Work task >>
Repeat only the lines below that run from the line with "Holiday Chocolate Bar Wrappers Holiday" to the line with "Nikou 2Pcs Braiding", ends included; skip every picture.

Available data >>

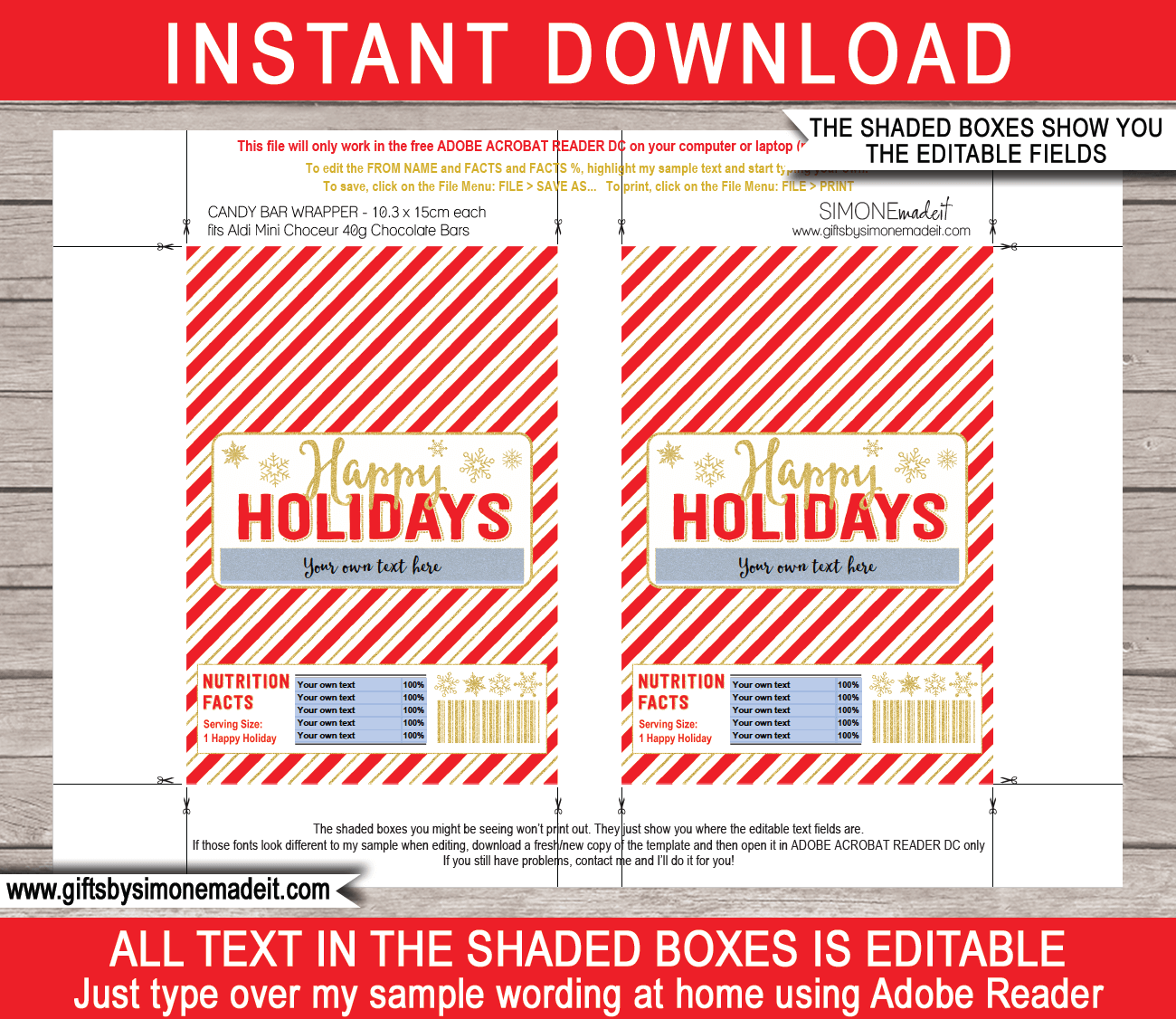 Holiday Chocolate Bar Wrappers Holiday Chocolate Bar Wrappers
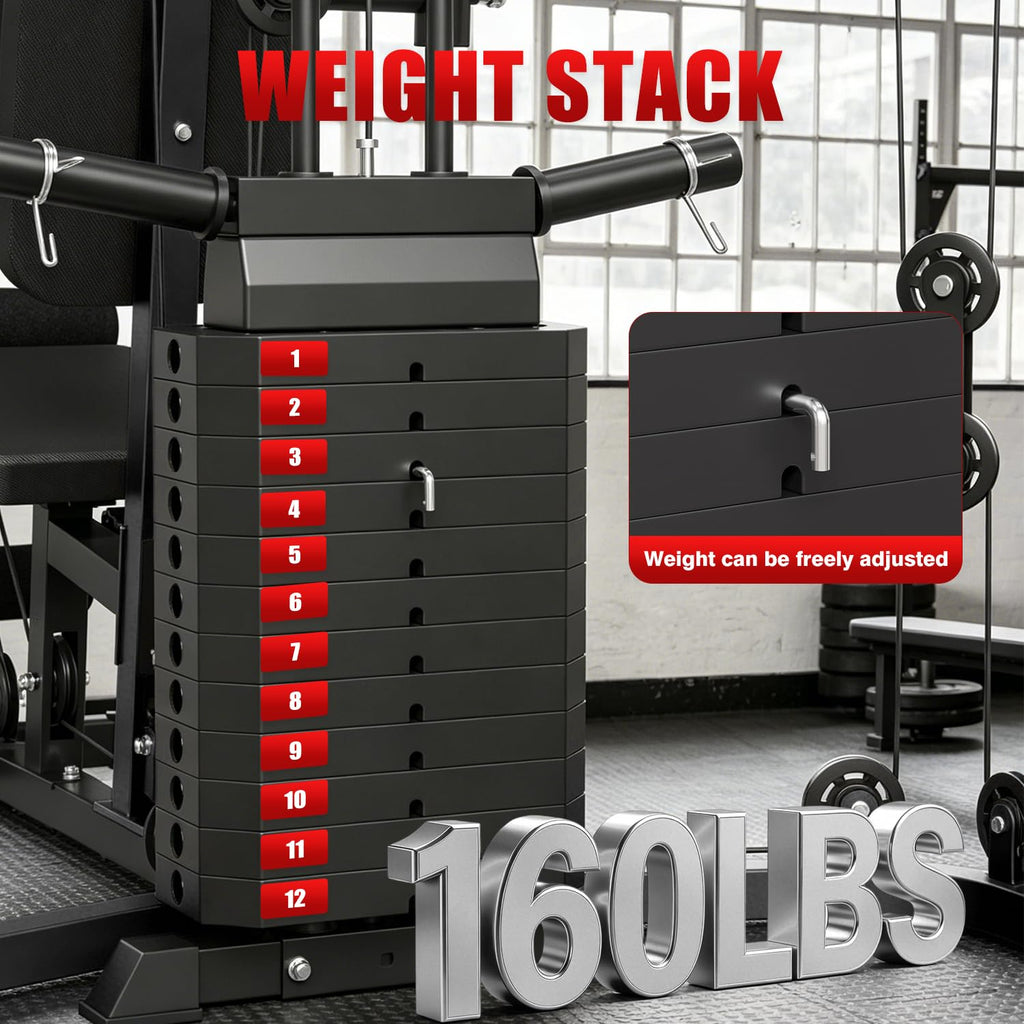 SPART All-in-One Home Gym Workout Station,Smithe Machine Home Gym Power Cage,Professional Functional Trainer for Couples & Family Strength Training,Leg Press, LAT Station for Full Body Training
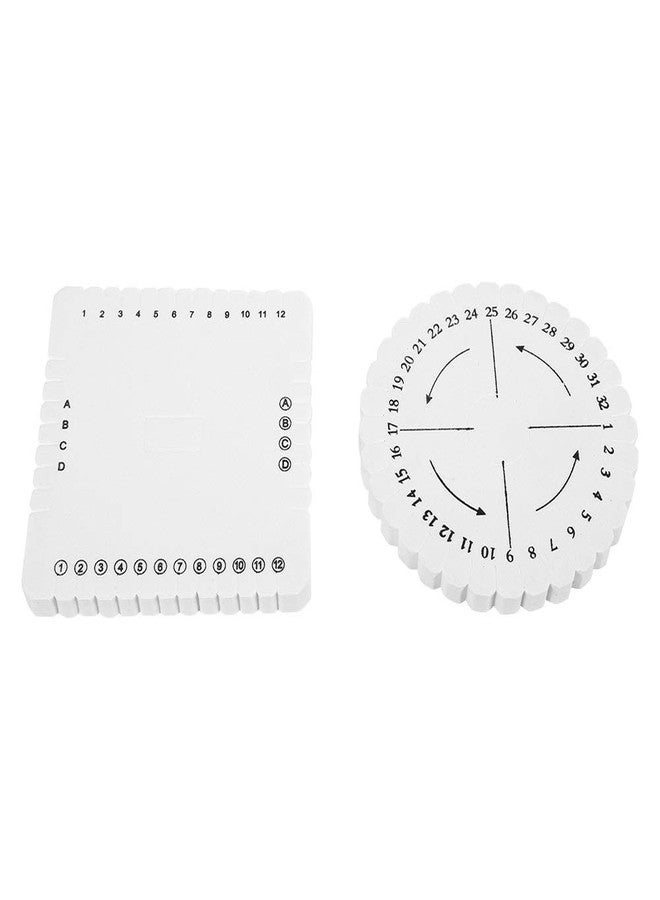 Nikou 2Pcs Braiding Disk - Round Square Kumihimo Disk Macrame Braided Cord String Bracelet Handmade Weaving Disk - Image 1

...

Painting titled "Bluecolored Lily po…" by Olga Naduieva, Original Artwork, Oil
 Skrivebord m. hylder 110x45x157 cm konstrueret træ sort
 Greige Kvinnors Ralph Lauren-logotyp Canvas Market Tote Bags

Response to the task >>
 Holiday Chocolate Bar Wrappers Holiday Chocolate Bar Wrappers
 SPART All-in-One Home Gym Workout Station,Smithe Machine Home Gym Power Cage,Professional Functional Trainer for Couples & Family Strength Training,Leg Press, LAT Station for Full Body Training
 Nikou 2Pcs Braiding Disk - Round Square Kumihimo Disk Macrame Braided Cord String Bracelet Handmade Weaving Disk - Image 1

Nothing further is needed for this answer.